- Problem description -
The line containing "福徳神社（芽吹稲荷）の本殿・本堂" marks the end: quote every line from the start of the records below through it, word for word.

- Data shown -
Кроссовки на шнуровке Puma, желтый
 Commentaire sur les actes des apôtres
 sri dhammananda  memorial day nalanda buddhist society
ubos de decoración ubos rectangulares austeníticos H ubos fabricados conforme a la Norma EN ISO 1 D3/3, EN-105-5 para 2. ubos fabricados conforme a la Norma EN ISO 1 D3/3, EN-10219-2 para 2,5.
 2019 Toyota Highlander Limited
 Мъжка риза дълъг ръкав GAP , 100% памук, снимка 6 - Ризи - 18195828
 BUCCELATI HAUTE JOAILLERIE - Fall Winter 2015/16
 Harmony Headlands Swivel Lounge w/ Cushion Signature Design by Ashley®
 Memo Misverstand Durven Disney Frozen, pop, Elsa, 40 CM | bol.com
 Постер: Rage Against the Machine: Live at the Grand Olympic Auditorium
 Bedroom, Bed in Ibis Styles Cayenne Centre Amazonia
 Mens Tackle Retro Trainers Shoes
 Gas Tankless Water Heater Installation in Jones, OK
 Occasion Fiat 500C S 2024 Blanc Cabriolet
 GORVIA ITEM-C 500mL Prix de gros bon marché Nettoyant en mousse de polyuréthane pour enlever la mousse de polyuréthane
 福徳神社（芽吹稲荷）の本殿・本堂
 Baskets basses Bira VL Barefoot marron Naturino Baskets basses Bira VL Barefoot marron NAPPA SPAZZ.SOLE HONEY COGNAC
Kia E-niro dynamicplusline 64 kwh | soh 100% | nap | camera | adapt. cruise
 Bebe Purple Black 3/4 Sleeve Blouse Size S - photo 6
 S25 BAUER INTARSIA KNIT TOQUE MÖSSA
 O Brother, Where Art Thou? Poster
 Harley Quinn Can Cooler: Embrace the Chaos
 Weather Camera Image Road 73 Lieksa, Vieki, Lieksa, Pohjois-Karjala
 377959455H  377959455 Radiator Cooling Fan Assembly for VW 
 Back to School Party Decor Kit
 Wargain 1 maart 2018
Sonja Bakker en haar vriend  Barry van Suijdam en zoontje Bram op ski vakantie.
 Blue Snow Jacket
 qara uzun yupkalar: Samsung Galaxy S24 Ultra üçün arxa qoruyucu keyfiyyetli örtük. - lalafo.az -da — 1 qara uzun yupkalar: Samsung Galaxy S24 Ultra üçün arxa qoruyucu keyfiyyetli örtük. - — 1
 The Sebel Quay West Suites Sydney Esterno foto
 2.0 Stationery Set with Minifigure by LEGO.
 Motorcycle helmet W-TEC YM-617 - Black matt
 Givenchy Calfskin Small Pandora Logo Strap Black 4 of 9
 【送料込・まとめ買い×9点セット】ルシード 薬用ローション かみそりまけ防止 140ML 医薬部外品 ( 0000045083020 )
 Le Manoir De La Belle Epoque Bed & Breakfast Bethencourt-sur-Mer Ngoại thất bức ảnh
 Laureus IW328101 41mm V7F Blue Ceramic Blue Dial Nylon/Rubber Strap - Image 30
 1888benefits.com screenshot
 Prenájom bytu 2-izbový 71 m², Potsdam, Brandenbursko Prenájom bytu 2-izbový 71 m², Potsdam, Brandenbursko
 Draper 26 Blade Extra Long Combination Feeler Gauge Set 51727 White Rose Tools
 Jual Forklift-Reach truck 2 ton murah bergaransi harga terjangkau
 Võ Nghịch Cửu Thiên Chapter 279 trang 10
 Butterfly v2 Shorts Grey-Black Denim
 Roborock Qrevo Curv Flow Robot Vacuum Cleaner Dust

- Reply -
Кроссовки на шнуровке Puma, желтый
 Commentaire sur les actes des apôtres
 sri dhammananda  memorial day nalanda buddhist society
ubos de decoración ubos rectangulares austeníticos H ubos fabricados conforme a la Norma EN ISO 1 D3/3, EN-105-5 para 2. ubos fabricados conforme a la Norma EN ISO 1 D3/3, EN-10219-2 para 2,5.
 2019 Toyota Highlander Limited
 Мъжка риза дълъг ръкав GAP , 100% памук, снимка 6 - Ризи - 18195828
 BUCCELATI HAUTE JOAILLERIE - Fall Winter 2015/16
 Harmony Headlands Swivel Lounge w/ Cushion Signature Design by Ashley®
 Memo Misverstand Durven Disney Frozen, pop, Elsa, 40 CM | bol.com
 Постер: Rage Against the Machine: Live at the Grand Olympic Auditorium
 Bedroom, Bed in Ibis Styles Cayenne Centre Amazonia
 Mens Tackle Retro Trainers Shoes
 Gas Tankless Water Heater Installation in Jones, OK
 Occasion Fiat 500C S 2024 Blanc Cabriolet
 GORVIA ITEM-C 500mL Prix de gros bon marché Nettoyant en mousse de polyuréthane pour enlever la mousse de polyuréthane
 福徳神社（芽吹稲荷）の本殿・本堂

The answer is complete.